Yup, modulo one nit, but let me expand a bit on this answer.

Suppose the statement C doesn't contain K at all (or else it contains K in a way that provably doesn't matter).

Then C is a theorem of PA (and we're assuming that PA is sound).

Nit: C ranges over all statements; for example, it is an axiom of PPT.2 that "if K>0, and PPT.2 proves '0=1', then 0=1", even though 0=1 is not a theorem of PA. However, unless my proof is borked, it should be the case that if C doesn't contain K, then (PPT.2 proves C) iff (PA proves C), and also (PPT.2 proves C) iff (PPT.2 proves "PPT.2 proves 'C'"). Therefore, in a sense you can't apply the axiom involving C unless C is provable in PA, which is what I think you had in mind.

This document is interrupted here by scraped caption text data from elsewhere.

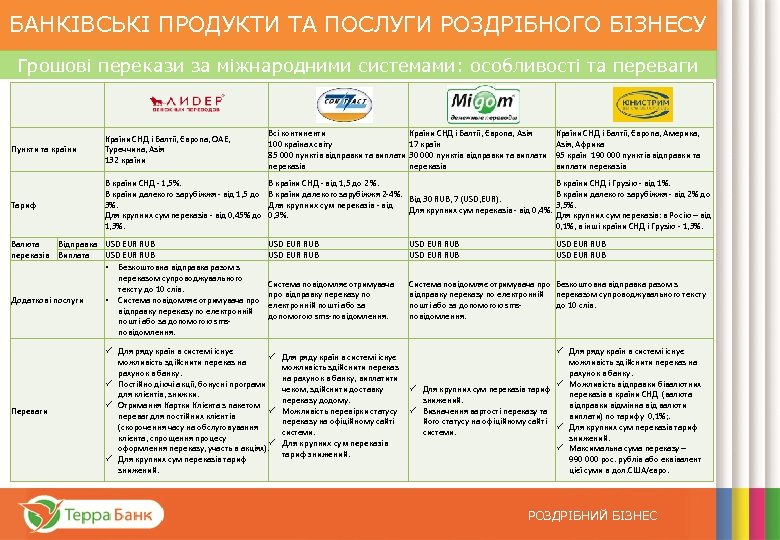 БАНКІВСЬКІ ПРОДУКТИ ТА ПОСЛУГИ РОЗДРІБНОГО БІЗНЕСУ Грошові перекази за міжнародними системами: особливості та переваги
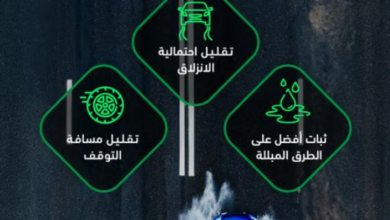 المرور يحذّر: الإطارات السليمة تقلل الانزلاق في الأمطار وتحمي الأرواح 7 555 122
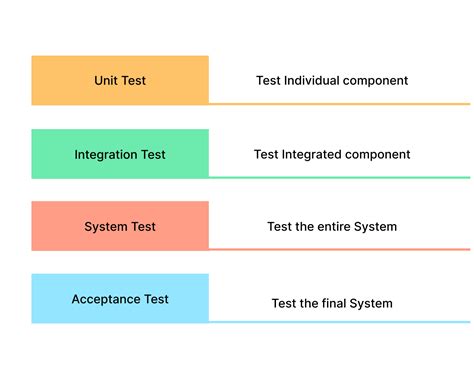Levels Of Testing A Complete Approach To Quality Assurance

Then PPT.2 contains the axiom "If K>0, and C is provable in PPT.2, then C". For all n>0, if we replace K by n, we get the axioms of BAD, which is inconsistent.

PPT.2 != BAD, so you don't have exactly the same axioms as BAD.

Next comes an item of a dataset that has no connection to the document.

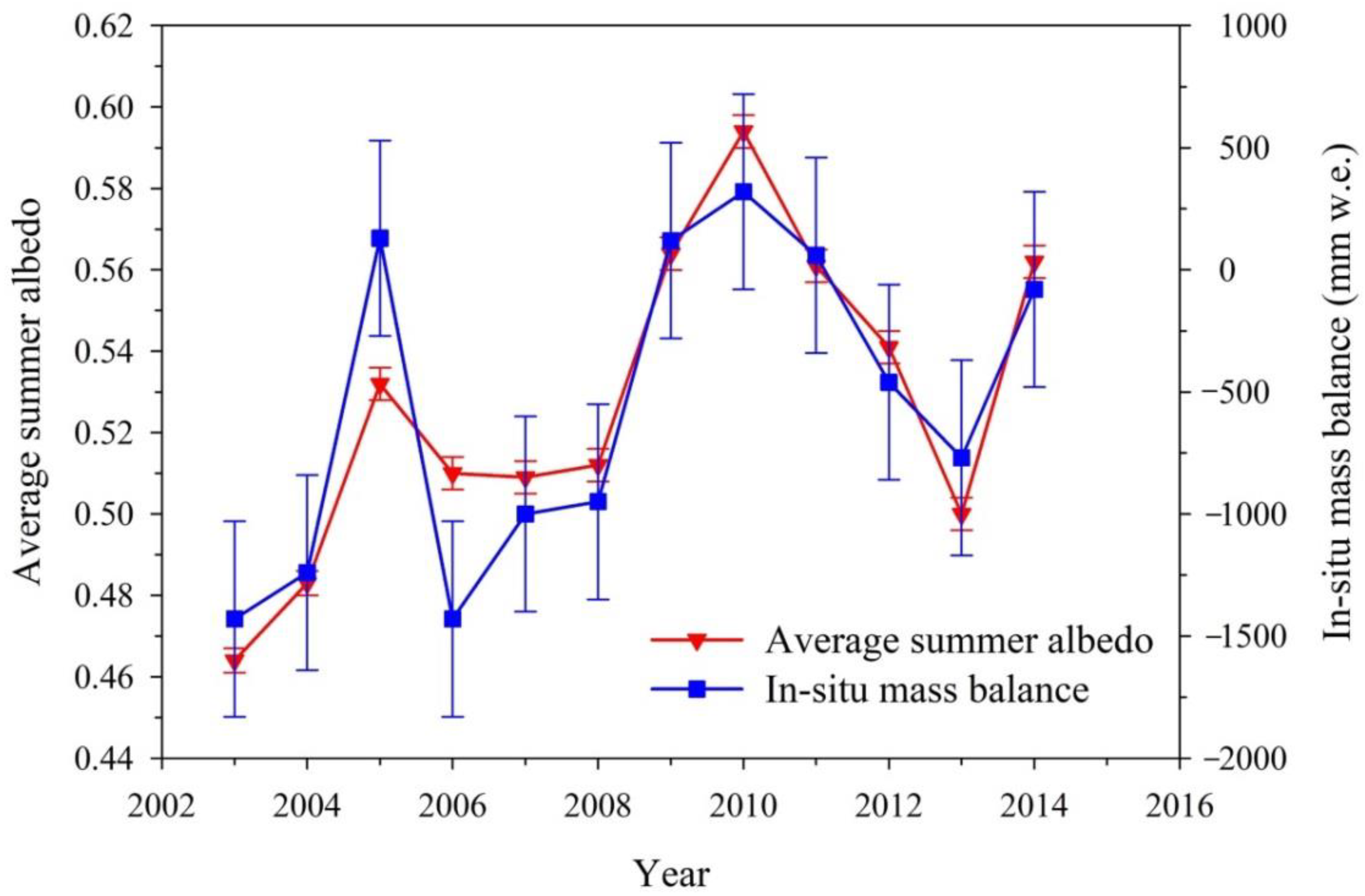 Remotesensing 15 00031 g004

One possible point of confusion here is that it might seem as if replacing K by 15 would yield the proof system

NOTGOOD := PA + for every statement C, "If 15>0, and 'C' is provable in NOTGOOD, then C,"

because it may seem as if replacing every occurrence of K in the formula "PPT.2 proves 'C'" should yield the statement "NOTGOOD proves 'C'".

But this is not true: the formula "PPT.2 proves 'C'" contains no occurrence of K, not even if C contains K. This is because the formula doesn't literally contain C, it contains the unary representation of the Gödel number of C, and similarly, the predicate "PPT.2 proves ..." only talks about Gödel numbers, not about K.